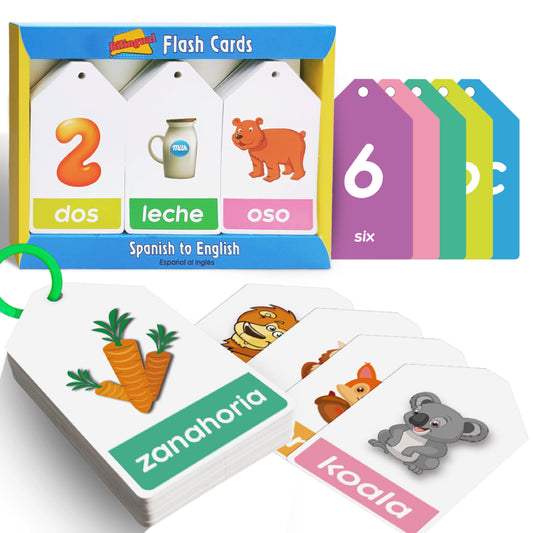 Bilingual Spanish English Flash Cards for Kids 5 Themes Alphabet Color Number Shape First Words 84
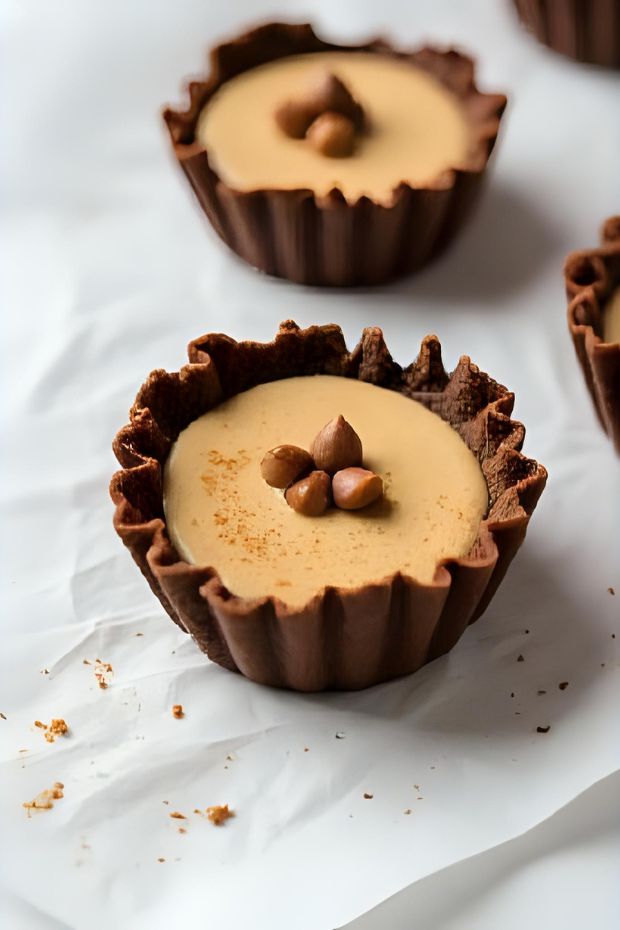 Hazelnut Latte Cream Tarts with chocolate shells and roasted hazelnuts on top, a perfect dessert for coffee lovers.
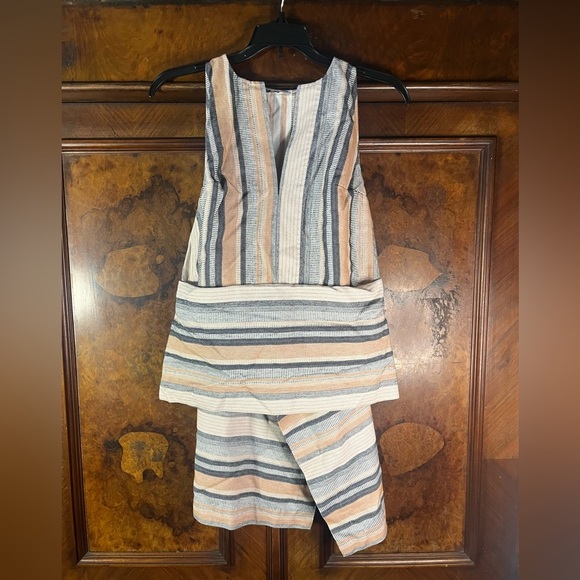 Rosetta Getty- Apron Wrap Halter Jacquard Stripe Sleeveless Tunic. Size 0 - Picture 3 of 9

::::

What is required:
Each line above has to be returned exactly. Drop the pictures.

Solution for this exercise:
 Bilingual Spanish English Flash Cards for Kids 5 Themes Alphabet Color Number Shape First Words 84
 Hazelnut Latte Cream Tarts with chocolate shells and roasted hazelnuts on top, a perfect dessert for coffee lovers.
 Rosetta Getty- Apron Wrap Halter Jacquard Stripe Sleeveless Tunic. Size 0 - Picture 3 of 9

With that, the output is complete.